Lyndhurst, NJ, June 25, 2019 – Scarinci Hollenbeck successfully represented AASKI Technology, Inc. (AASKI) in a bid protest before the Government Accountability Office (GAO), preserving the company’s award to provide technological support services to the U.S. Army.  United Support Services, LLC (USS) protested the award, challenging the agency’s evaluation of proposals.  In a decision issued June 18, 2019, and made public on June 24, 2019, the GAO rejected the protest and upheld the award in favor of AASKI, allowing the company to begin work on the five-year, $576+ million U.S. Army contract.

Scarinci Hollenbeck Attorneys Successful in $576M+ Bid Protest for AASKI Technology, Inc.

The Request for Proposal

On August 23, 2018, the U.S. Army issued a Request for Proposal (RFP) for sensor technology, operations and readiness maintenance (STORM) in support of the Army’s product manager, medium altitude reconnaissance and surveillance systems (PdM MARSS) for current and emerging overseas contingency operations.  These services are planned to support the overall mission of PdM MARSS of providing tactically relevant manned aerial intelligence, surveillance, and reconnaissance in support of current and emerging overseas contingency operations. 

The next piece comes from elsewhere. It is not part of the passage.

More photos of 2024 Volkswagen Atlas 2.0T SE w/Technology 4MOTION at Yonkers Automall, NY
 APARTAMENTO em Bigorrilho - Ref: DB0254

The RFP contemplated the issuance of a cost-plus-fixed-fee/cost-no-fee task order using a best-value tradeoff based on cost/price, and the following non-cost/price factors:  technical, contractor support capabilities, and small business participation plan.

The Proposals and Award

The Army received five proposals, including proposals from USS and AASKI.  The Army rated four of the proposals, including USS’ proposal as unacceptable under the technical factor and eliminated the four proposals from consideration for the award.

With respect to USS, the Army assigned USS a deficiency, among other reasons, because it failed to explain how it would provide Airborne Sensor Operators (ASOs) for the AWAPPS and TACOP sensors.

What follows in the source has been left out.